Quietos y vigilantes como liebres asustadas, escuchamos. El bosque estaba tranquilo, demasiado tranquilo, expectante; el ajetreo habitual de las tardes, con pájaros e insectos y animalitos que no se veían, había quedado interrumpido como por la batuta de un director de orquesta. Salvo que en algún sitio, por allá adelante…
– Pero ¿qué…? -susurré.
– Chis.
¿Música, una voz, o quizá sólo algún truco del río con sus piedras, o la brisa en el roble hueco? El bosque tenía un millón de voces, que cambiaban con cada estación y cada día; nunca llegabas a conocerlas todas.
– Vamos -dijo Jamie, y los ojos le brillaban-, vamos.

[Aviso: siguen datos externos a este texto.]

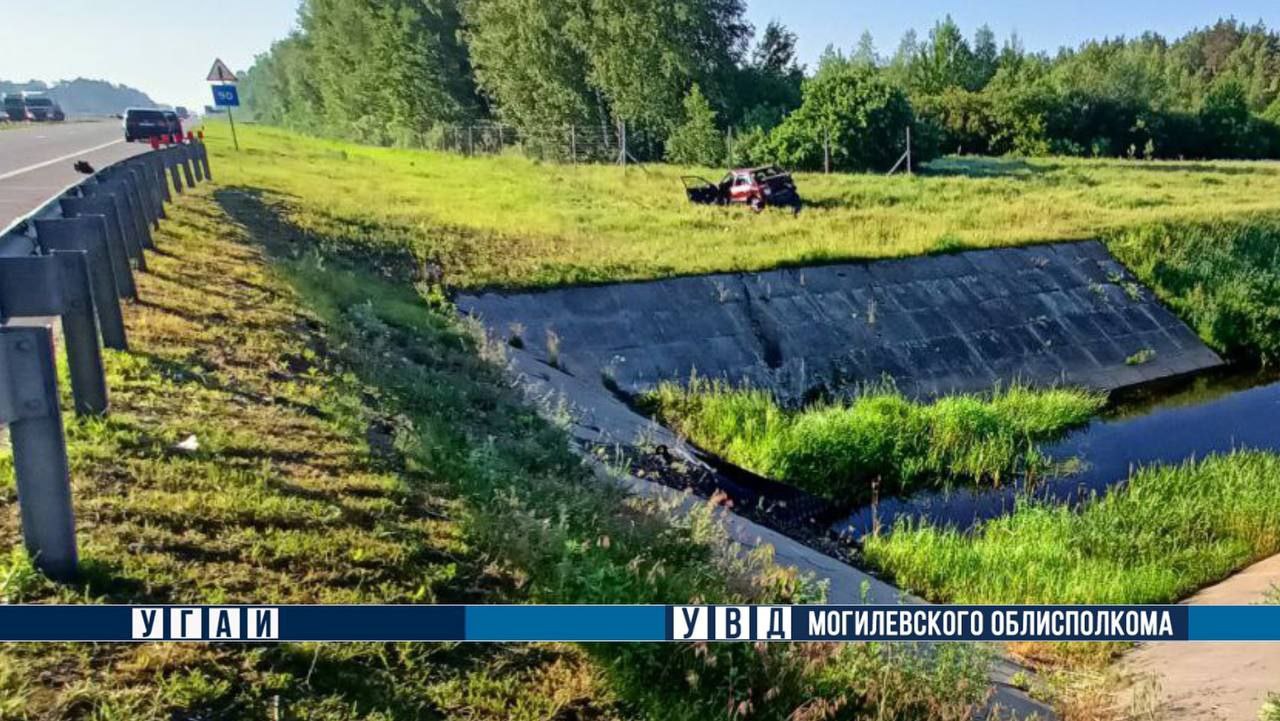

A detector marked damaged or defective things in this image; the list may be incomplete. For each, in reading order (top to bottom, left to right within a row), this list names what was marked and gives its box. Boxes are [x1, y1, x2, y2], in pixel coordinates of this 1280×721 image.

wrecked red car [680, 167, 798, 213]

Y se lanzó desde el muro como una ardilla voladora.
Cogió una rama, se colgó, se dejó caer y rodó y corrió; Peter saltó detrás de ella antes de que la rama dejara de balancearse, y yo bajé por el muro y los seguí.
– Esperadme, esperad…
El bosque nunca había estado tan exuberante o tan fiero. Las hojas proyectaban destellos de la luz del sol como si fueran girándulas, los colores eran tan brillantes que podías alimentarte de ellos y el olor a tierra fértil se volvió arrebatador como el de vino de iglesia. Atravesamos corriendo nubes zumbantes de mosquitos y saltamos zanjas y troncos podridos, las ramas se arremolinaban alrededor como agua, las golondrinas hacían cabriolas ante nosotros y en los árboles que había a los lados juro que tres ciervos avanzaban a nuestro paso. Me sentía ligero, afortunado y desbordante, nunca había corrido tan deprisa ni saltado tan alto y sin esfuerzo; un empujón con el pie y podría haberme transportado por los aires.